The fix is in runner-config.yaml: container.network: apf-portal-act-runners instructs act_runner to attach every job container to the same compose-defined bridge as the runners. Job → runner is now an internal-network DNS hop, the advertised cache URL is reachable, and cache: 'pnpm' works end-to-end. The cache: 'pnpm' flag is enabled on every actions/setup-node step in .gitea/workflows/ci.yml and .gitea/workflows/security-scheduled.yml.
The blast-radius trade-off is bounded: every container on apf-portal-act-runners is one of our runner containers (plus the jobs they spawn), all of which already have full docker-socket access. Sharing a network does not widen what a malicious workflow can already do; it just lets jobs reach the cache server.
If the cache ever needs to be disabled (debugging cache-hit issues, etc.), set cache.enabled: false in runner-config.yaml and ./ci-runners.sh rotate.
act_runner image pinning
The compose pins gitea/act_runner:0.2.13. Update the pin deliberately, not via :latest:
- Read the act_runner release notes for breaking changes.
- Edit the three image references (
runner-1,runner-2,runner-3). - Commit on a feature branch with a
chore(deps):Conventional Commits subject. - Roll one runner at a time (rotation tip above).
The matching CI workflows refer to runner labels (not images), so a runner-image upgrade does not affect .gitea/workflows/*.
Job image pinning and pre-pull
act_runner runs each job inside a container whose image is selected by the runner's labels.
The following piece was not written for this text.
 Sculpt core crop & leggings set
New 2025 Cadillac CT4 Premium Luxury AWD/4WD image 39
Two images are in use:
| Label | Image | Used by |
|---|---|---|
self-hosted |
catthehacker/ubuntu:act-22.04 |
check, scan, commits, a11y |
on-prem |
catthehacker/ubuntu:act-22.04 |
(alias of self-hosted) |
(per-job container:) |
catthehacker/ubuntu:full-22.04 |
perf (Lighthouse needs Chrome) |
runner-config.yaml sets container.force_pull: false. Without that, act_runner re-issues a docker pull at the start of every single job (~10–30 s of registry round-trip even when every layer is already cached), which both wastes wall-clock and contradicts our policy of upgrading job images deliberately rather than implicitly via :latest.
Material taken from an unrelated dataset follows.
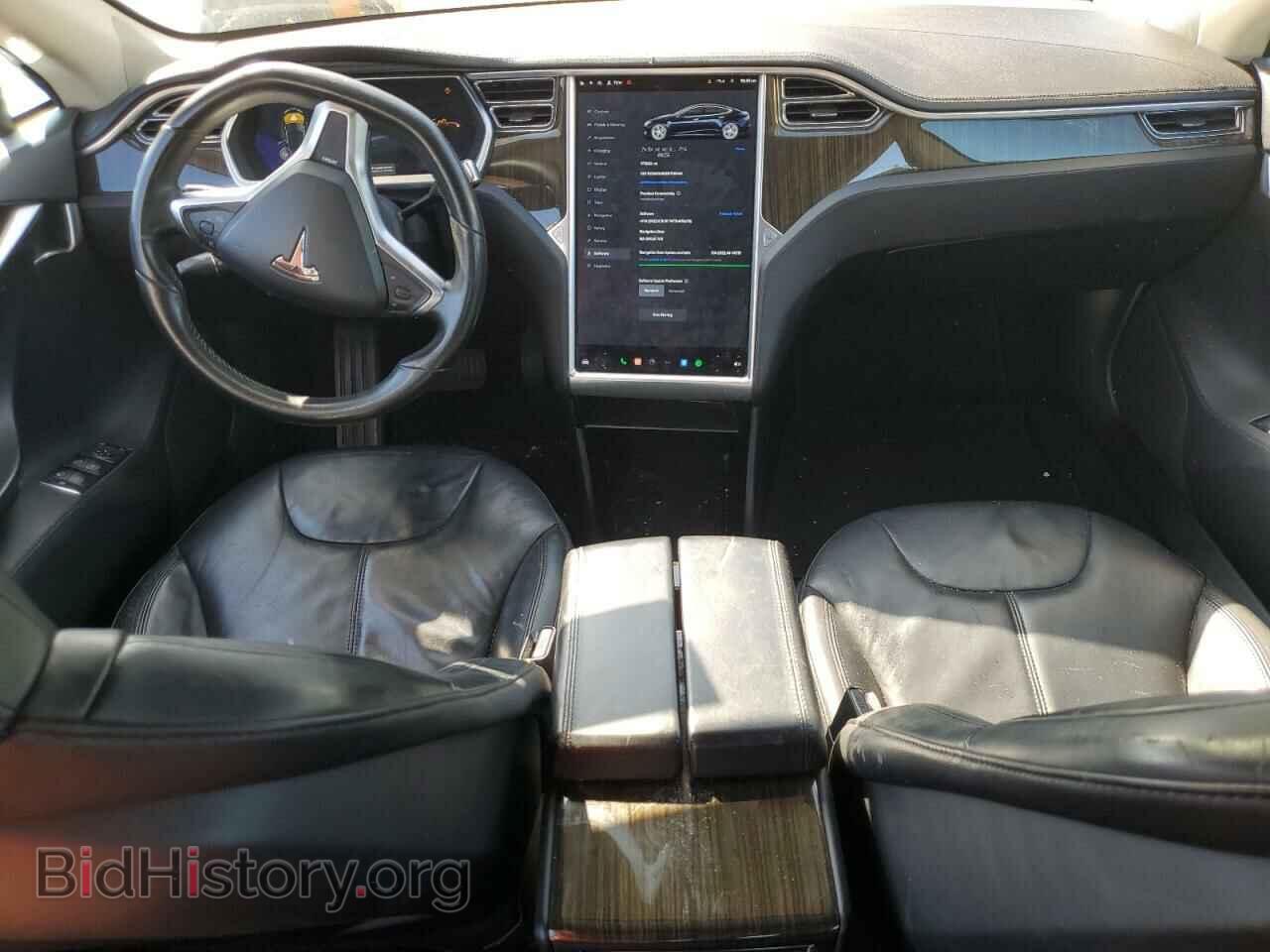 2013 TESLA MODEL S - VIN: 5YJSA1CN3DFP05143 - Фото 8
The trade-off: the host Docker daemon must already hold the images locally. Pre-pull them once after a fresh runner host install:
docker pull catthehacker/ubuntu:act-22.04
docker pull catthehacker/ubuntu:full-22.04
Upgrading to a newer tag is a deliberate three-step process:
- Edit
GITEA_RUNNER_LABELS(inci-runners.compose.yml) and / or the per-jobcontainer.image:(in.gitea/workflows/*) to the new tag. - On the runner host,
docker pull <new-tag>so the image is locally available before the next CI job starts. - Commit on a feature branch with a
chore(deps):Conventional Commits subject; one ofchore(deps): upgrade CI job image to ....
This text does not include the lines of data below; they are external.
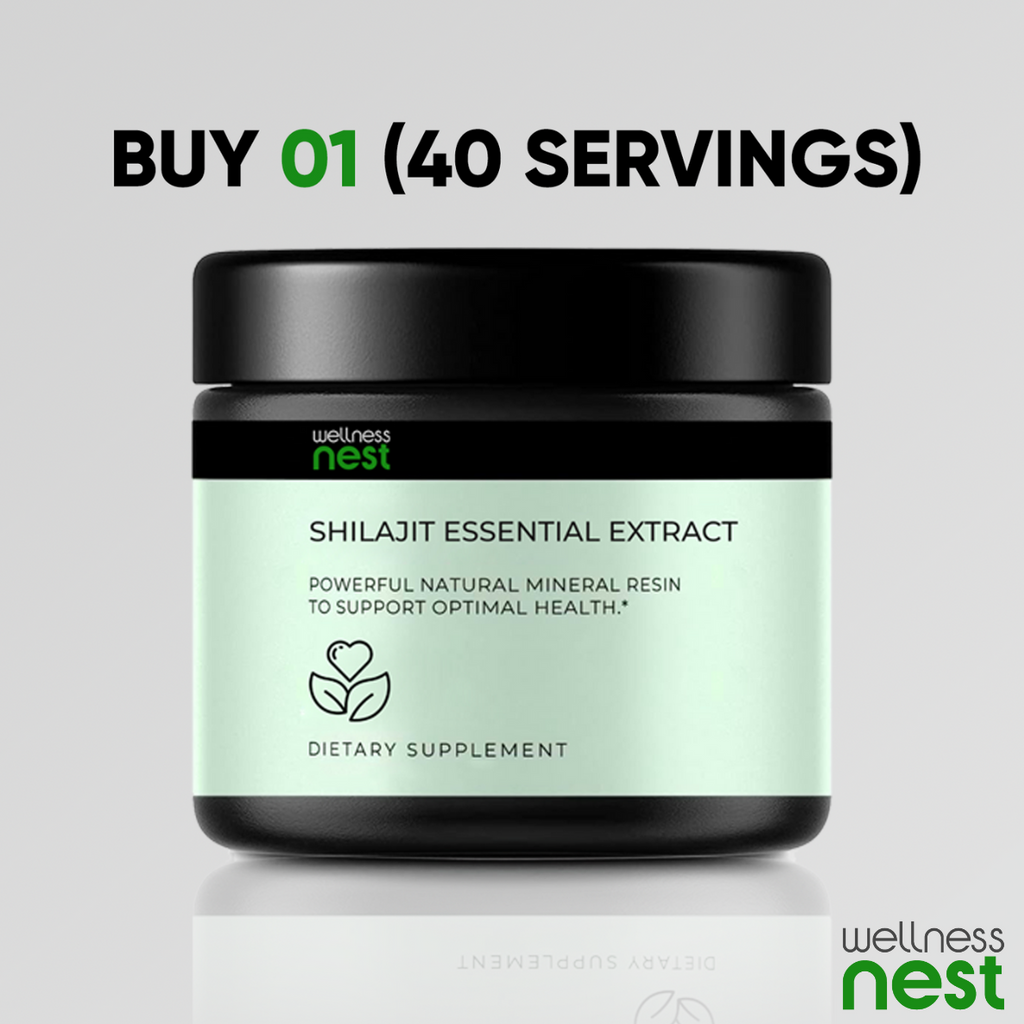 Organic 100% Pure Himalayan Shilajit Resin – Nature's Elixir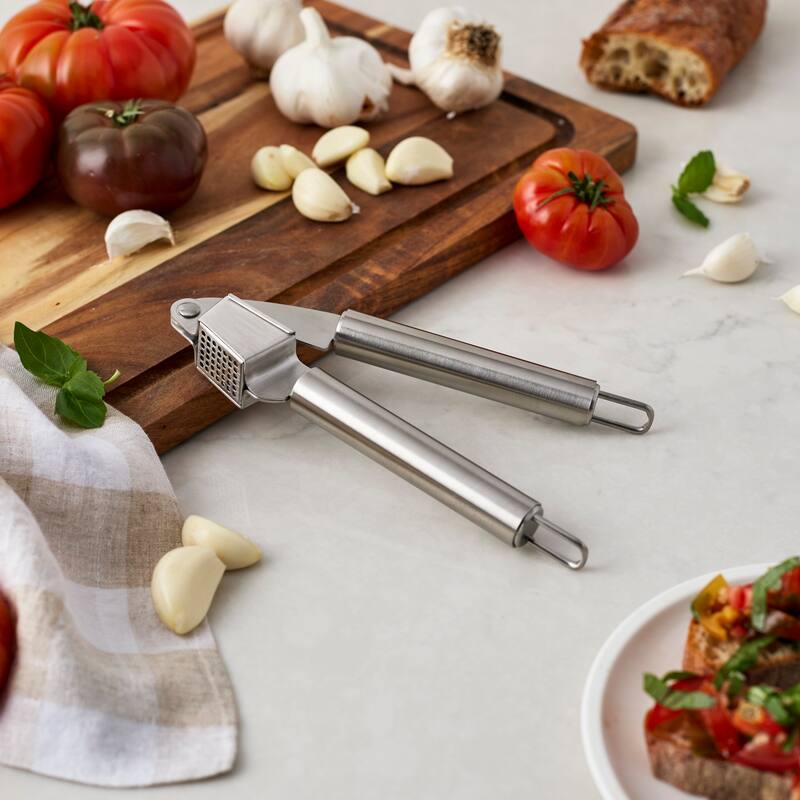 Henckels Stainless Steel Garlic Press - 1 unit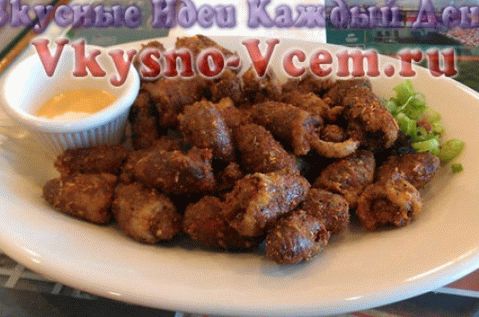 Csirke szív pácmal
Old, no-longer-referenced images can be reaped during the periodic docker system prune -af (see "Disk pressure" above).
Local-dev stack — local/
A Docker Compose recipe spinning up the runtime services the BFF and ADRs assume — Postgres, Redis, OpenTelemetry Collector — plus optional viewers (pgweb, Jaeger UI) gated behind Compose profiles. Designed to start in a single command on a contributor's WSL2 / Linux / macOS host.
| File | Role |
|---|---|
local/dev.sh |
Convenience wrapper around docker compose — see "Convenience script" below |
local/dev.compose.yml |
Service definitions: postgres, redis, otel-collector, plus pgweb and jaeger behind profiles |
local/.env.example |
Credentials + ports template (copy to .env, which is git-ignored) |
local/init/postgres/01-init.sql |
Bootstrap SQL for ADR-0013: audit roles + schema, applied on first boot only |
local/otel-collector.yaml |
Collector pipeline: OTLP receivers → batch → debug exporter (always) + forward to Jaeger when active |
First-time setup
# 1. Configure local secrets (copy template, edit, do not commit).
cp infra/local/.env.example infra/local/.env
$EDITOR infra/local/.env
# Set strong dev values for POSTGRES_PASSWORD and REDIS_PASSWORD
# (defaults in the template are placeholders that the compose
# rejects with `must be set in infra/local/.env` if left as-is).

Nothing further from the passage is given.